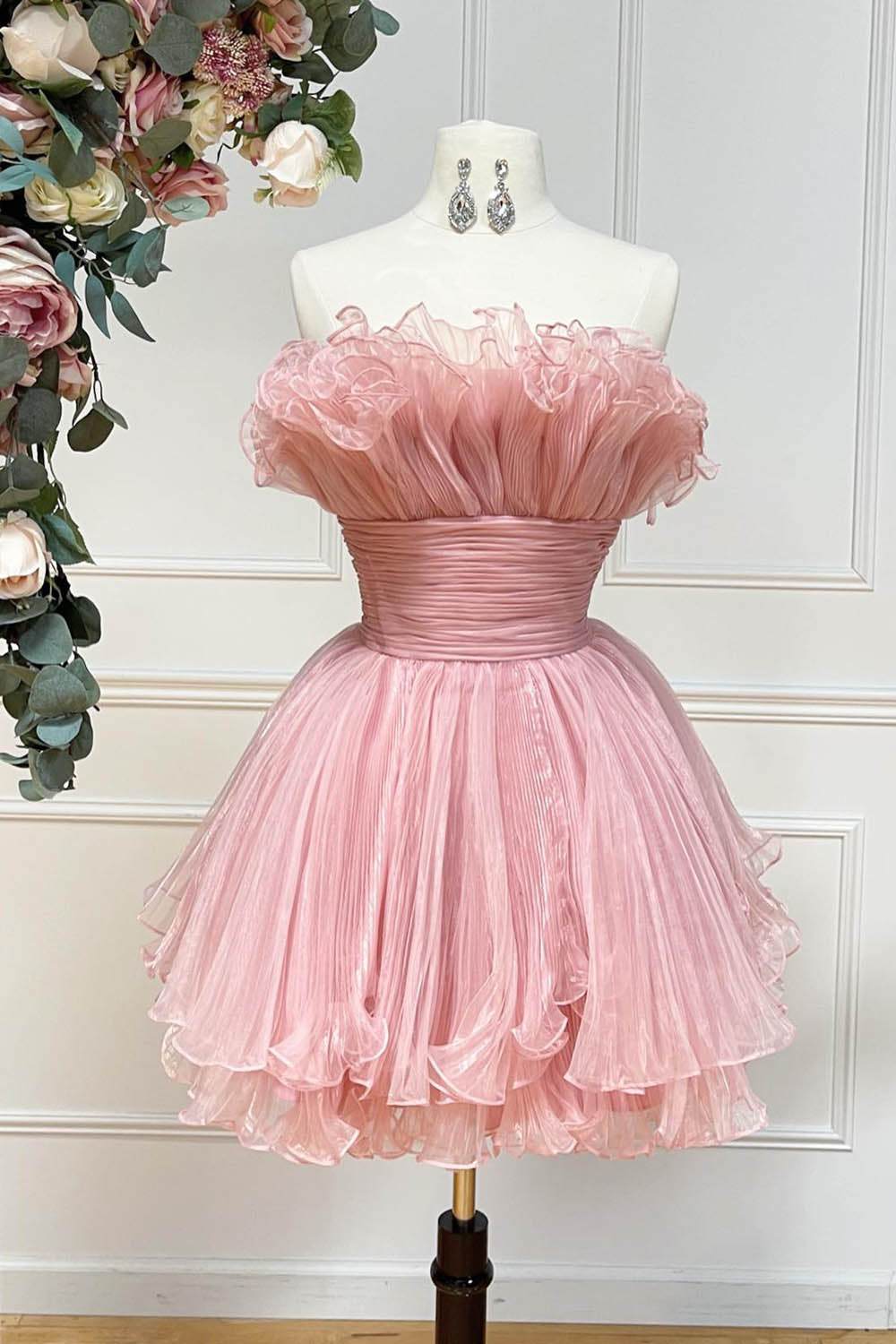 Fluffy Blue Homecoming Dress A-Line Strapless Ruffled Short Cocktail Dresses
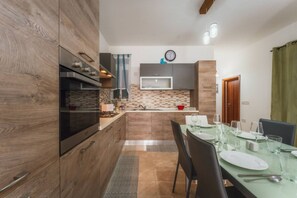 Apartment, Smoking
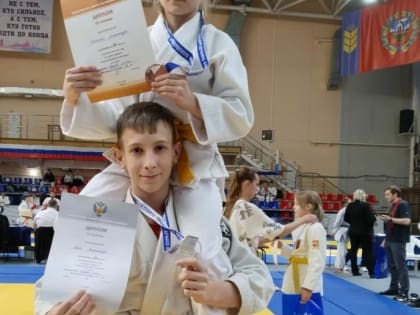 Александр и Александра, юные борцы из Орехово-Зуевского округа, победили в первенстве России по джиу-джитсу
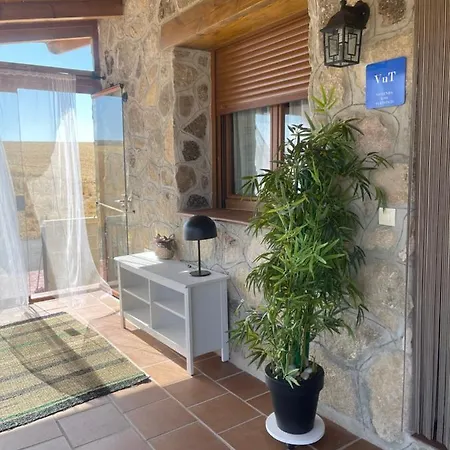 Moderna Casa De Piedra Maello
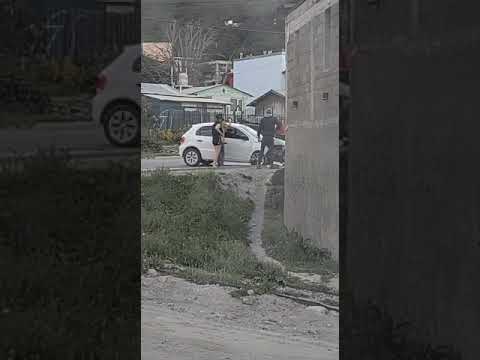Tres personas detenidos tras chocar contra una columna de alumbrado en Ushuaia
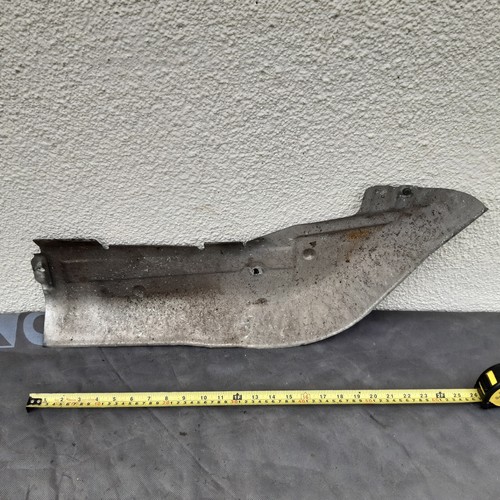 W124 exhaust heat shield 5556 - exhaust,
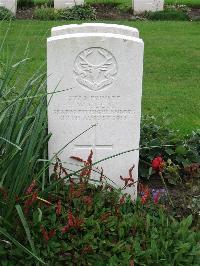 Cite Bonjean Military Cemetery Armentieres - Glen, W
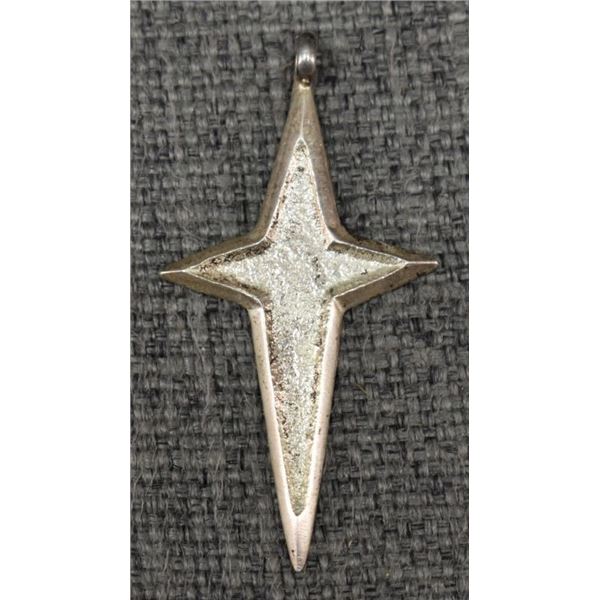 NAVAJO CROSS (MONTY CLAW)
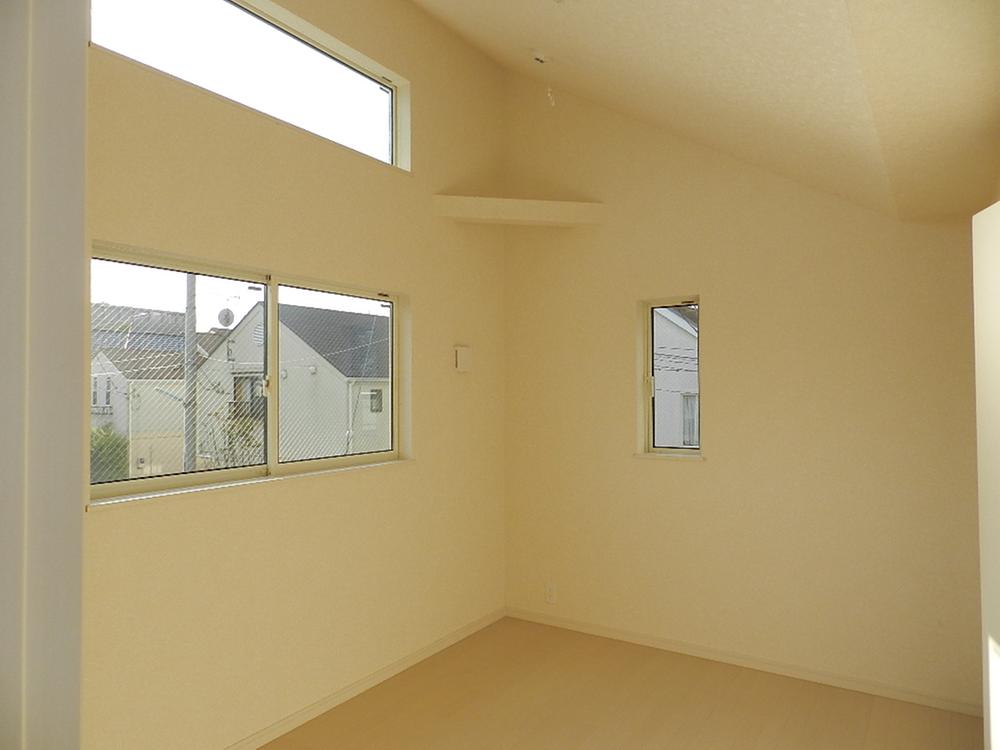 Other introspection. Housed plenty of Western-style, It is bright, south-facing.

==

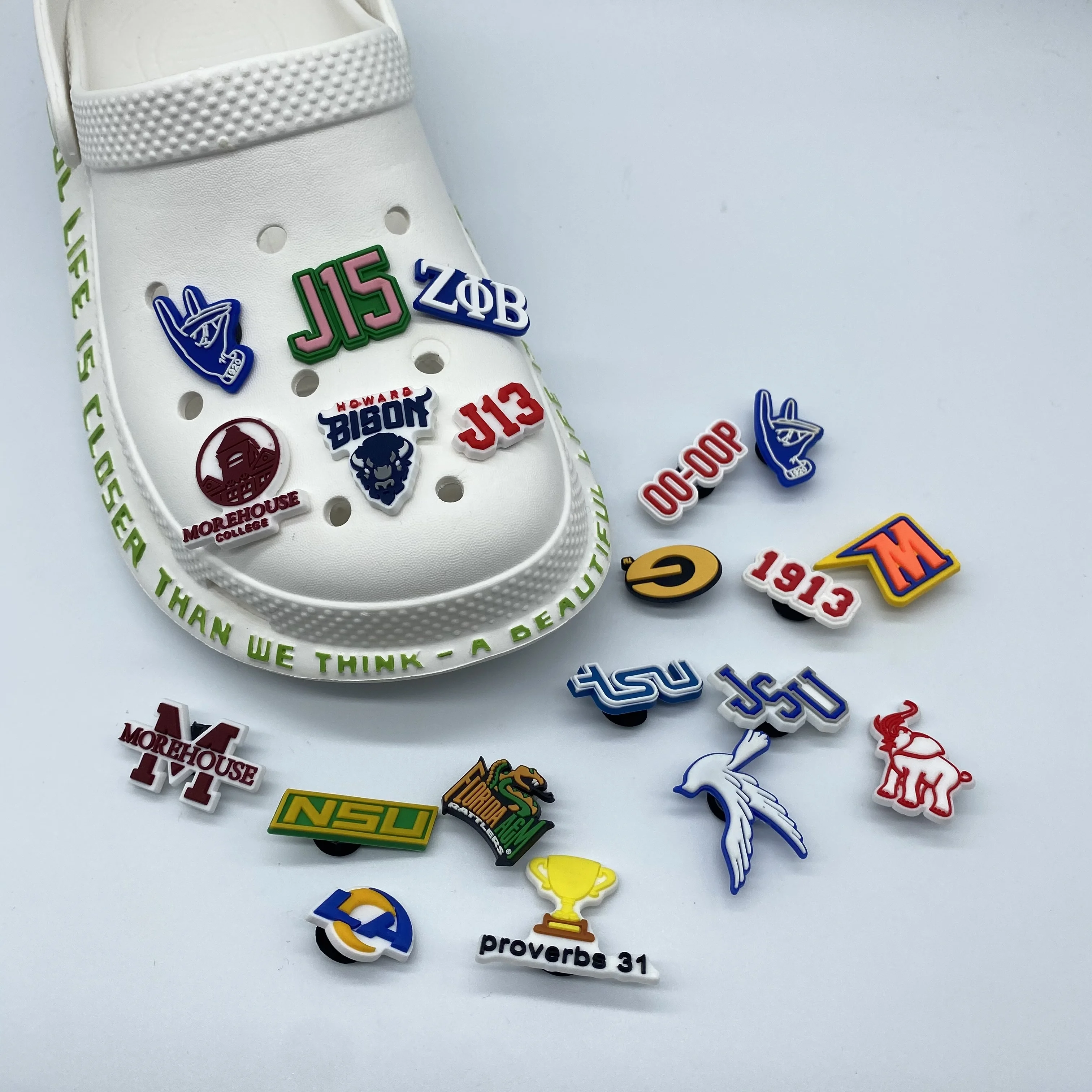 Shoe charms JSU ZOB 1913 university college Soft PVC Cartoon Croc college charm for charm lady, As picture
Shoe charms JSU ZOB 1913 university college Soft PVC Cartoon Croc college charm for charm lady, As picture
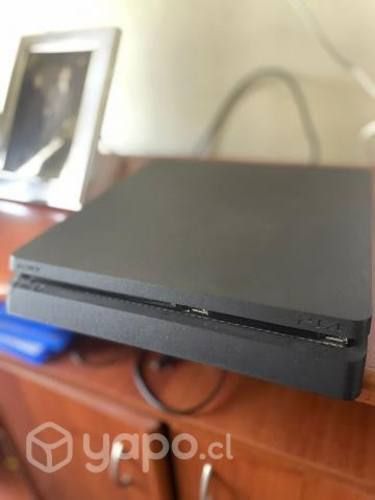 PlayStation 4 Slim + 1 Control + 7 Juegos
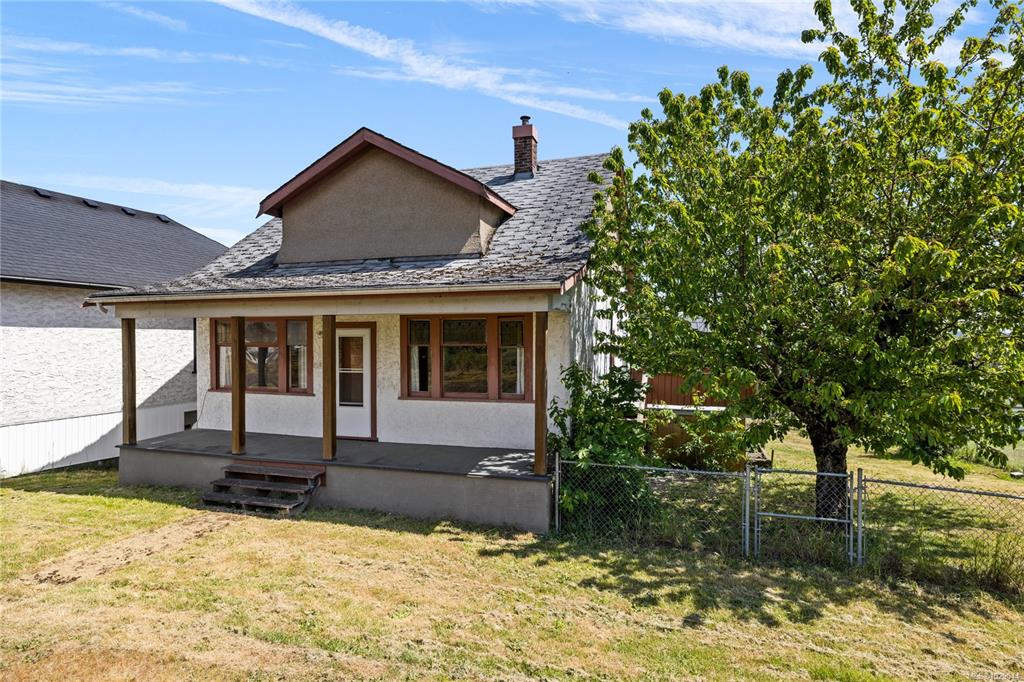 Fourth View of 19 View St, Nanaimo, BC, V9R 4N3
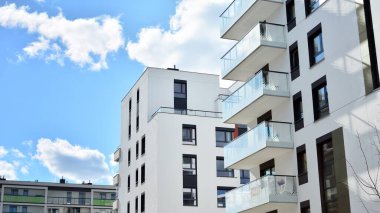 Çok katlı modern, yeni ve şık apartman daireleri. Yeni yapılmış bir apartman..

> _WORK TO BE COMPLETED_
Among the entries above, take the line with "Tres personas detenidos", the line with "Other introspection. Housed", and all the lines between them, and restate them word for word without pictures.

> _RESPONSE_
Tres personas detenidos tras chocar contra una columna de alumbrado en Ushuaia
 W124 exhaust heat shield 5556 - exhaust,
 Cite Bonjean Military Cemetery Armentieres - Glen, W
 NAVAJO CROSS (MONTY CLAW)
 Other introspection. Housed plenty of Western-style, It is bright, south-facing.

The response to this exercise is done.